If the rule of Simon is applied to the case at bench, the validity of the examination of the tobacco pouch which disclosed the marijuana and seconal within it is in doubt.3 The content of the pouch could not reasonably be assumed to be evidence of the traffic violations for which appellant was arrested, and the character of the pouch as something other than a weapon was evident before it was opened. Since Simon, however, the Supreme Court of the United States has filed its decisions in United States v. Robinson, 414 U.S. 218, 94 S.Ct. 467, 38 L.Ed.2d 427, and Gustafson v. Florida, 414 U.S. 260, 94 S.Ct. 488, 38 L.Ed.2d 456. Both decisions involve searches incident to custodial arrest for minor traffic violations, Robinson because the person arrested was driving while his operator's license was revoked, and Gustafson because the person arrested for ‘weaving’ license in his possession. In Robinson, the United States Supreme Court rejected the rationale for validation of searches incident to arrest utilized by the California high court in Kiefer and Simon. Rather, it adopted the principle that a search incident to a lawful custodial arrest always satisfies constitutional standards. It said: ‘A custodial arrest of a suspect based on probable cause is a reasonable intrusion under the Fourth Amendment; that intrusion being lawful, a search incident to the arrest requires no additional justification.4 It is the fact of the lawful arrest which establishes the authority to search, and we hold that in the case of a lawful custodial arrest a full search of the person is not only an exception to the warrant requirement of the Fourth Amendment, but is also a ‘reasonable’ search under that Amendment.' (414 U.S. 218, 235, 94 S.Ct. 467, 477.) Gustafson applies the rule of Robinson, although the custodial character of the arrest was discretionary in the judgment of the arresting officer and no law or police regulation prescribed custodial arrest rather than release upon citation. (414 U.S. 260, 265, 94 S.Ct. 488, 492.)

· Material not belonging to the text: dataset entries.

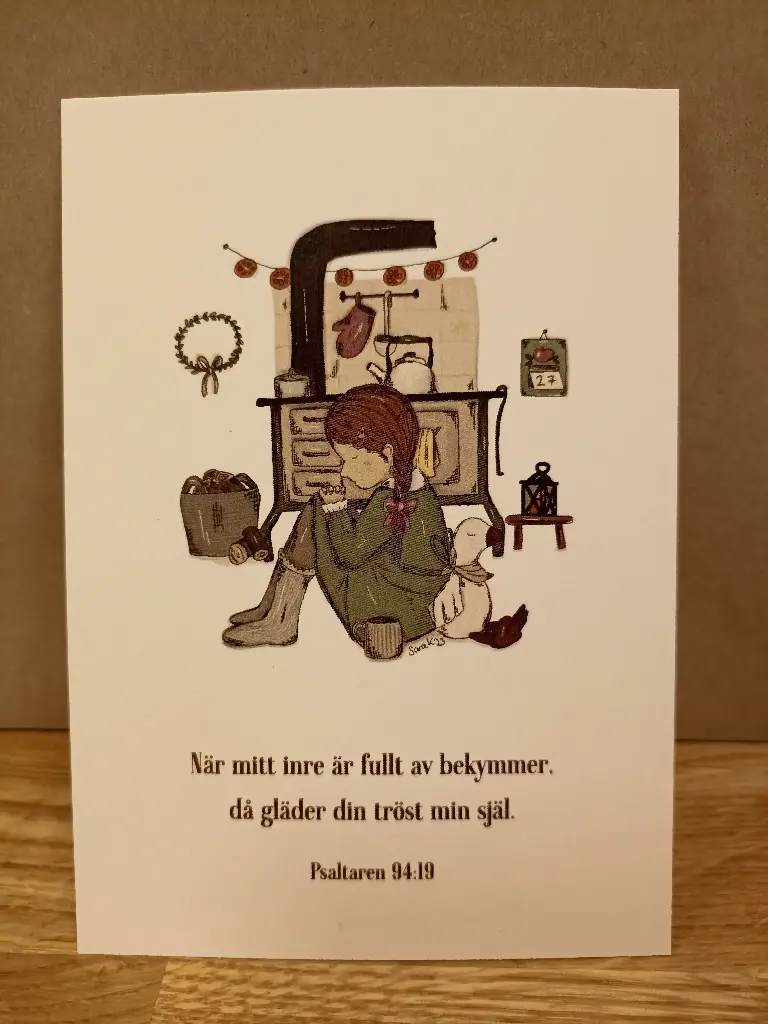 Vykort – När mitt inre är full av bekymmer (flicka)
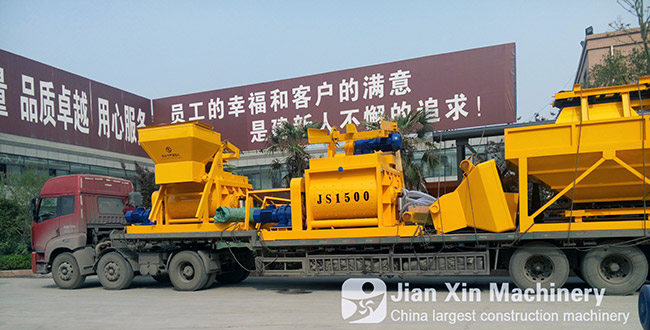 HZS75 concrete mixing plant delivery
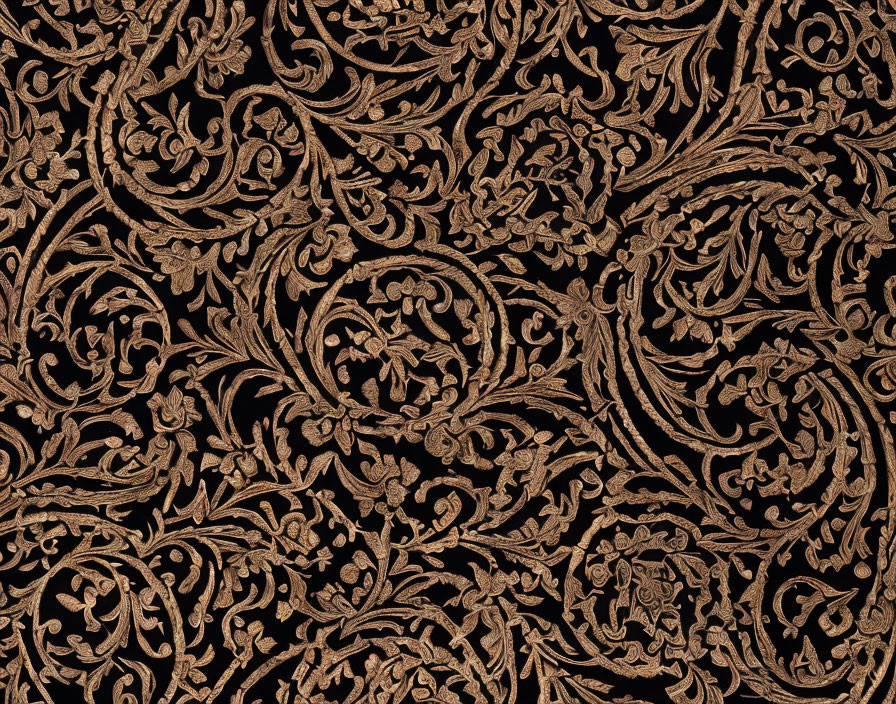 Intricate Golden Floral Pattern on Dark Brown Background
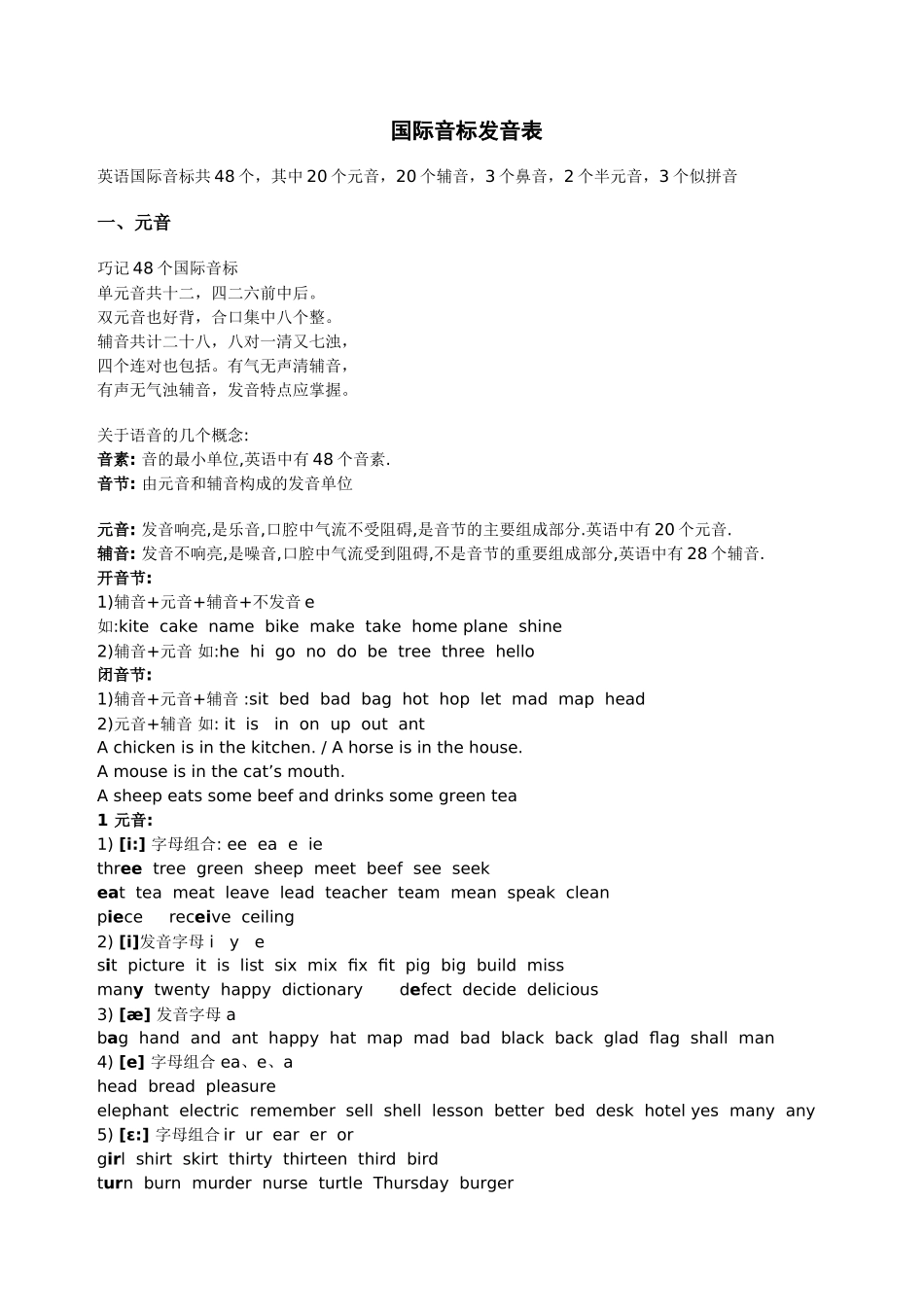 国际音标发音表(完整版)_第2页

In many respects, the facts before the United States Supreme Court in Gustafson are similar to those present in the case at bench. There, at 2 a. m., an officer in Florida observed a car with New York plates weaving across the center line of a street. The officer activated the red lights of his police vehicle causing the weaving car to stop. The driver was unable to produce an operator's license and said that he had left it in his dormitory room in a nearby city. He was arrested for failure to possess a driver's license. The officer placed the driver in custody in order to transport him to the police station. He conducted a thorough search of the driver's person, disclosing a cigaret box. Looking inside the box, the officer saw marijuana. In holding that the search was validly incident to a lawful custodial arrest, the United States Supreme Court said: ‘Though the officer here was not required to take the petitioner into custody by police regulations as he was in Robinson, and there did not exist a departmental policy Establishing the conditions under which a full scale body search should be conducted, we do not find these differences determinative of the constitutional issue [citation]. It is sufficient that the officer had probable cause to arrest the petitioner and that he lawfully effectuated the arrest, and placed the petitioner in custody.’ (414 U.S. 260, 265, 94 S.Ct. 488, 491.)

If Robinson and Gustafson control the case at bench, the search which disclosed the marijuana and seconal is a lawful one. Respondent was lawfully arrested when he was stopped for the Vehicle Code offense of driving at night without lights. (See People v. Superior Court (Simon), supra, 7 Cal.3d 186, 200, 101 Cal.Rptr. 837, 469 P.2d 1205.) The nature of the arrest as a custodial one is evidenced by the fact that respondent was placed in handcuffs, and its character as custodial is authorized by Vehicle Code section 40303, subsection (i), permitting a traffic violator who has attempted to avoid arrest either to be taken before a magistrate or to be given a citation to appear. Since the custodial arrest was lawful, the search of the tobacco pouch dropped by respondent in the course of the arrest is also lawful under Robinson and Gustafson standards as incident to it.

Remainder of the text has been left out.